Statistics: Describe your data using Python!

Photo by Pritesh Sudra on Unsplash

This is the first of a series of articles that I will write to give a gentle introduction to statistics. In this article we will introduce some basic statistical concepts and learn how to use basic statistics to help you describe your data. We will cover the following topics in this article:

  • The difference between a population and a sample
  • The difference between Descriptive and Inferential statistics
  • Different types of variables
  • Types of descriptive statistics
  • Normal or Gaussian distribution

The difference between a population and a sample:

  • Population denotes a large group consisting of elements having at least one common feature; it is the complete set of observations
  • Sample is a finite subset of the population; it is a subset of observations from a population.

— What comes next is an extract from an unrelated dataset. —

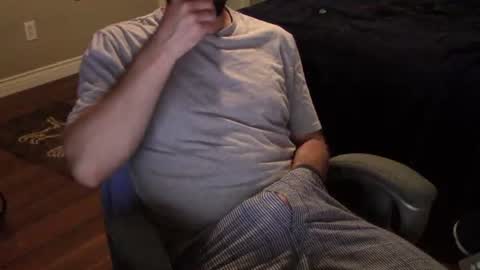 John online show from July 27, 3:45 am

We get a sample from the population in either of the following ways
  • Representative sampling (using simple random sample) — here the sample’s characteristics are similar to the population characteristics
  • Convenience sampling — here we collect sample from section of population that is easily available

The difference between Descriptive and Inferential statistics:

Descriptive statistics — its all about organizing, describing and summarizing data

  • Exploratory data analysis (EDA)
  • measures of location — such as Mean, Median, Mode
  • measures of variability or dispersion — such as Variance, Standard deviation, Range, Inter quartile range (IQR)

Inferential statistics — its all about drawing conclusions about a population from analysis of a random sample drawn from the populaiton

  • Exploratory modelling — how is x related to y?
  • Predictive modelling — if you know x, can you predict y?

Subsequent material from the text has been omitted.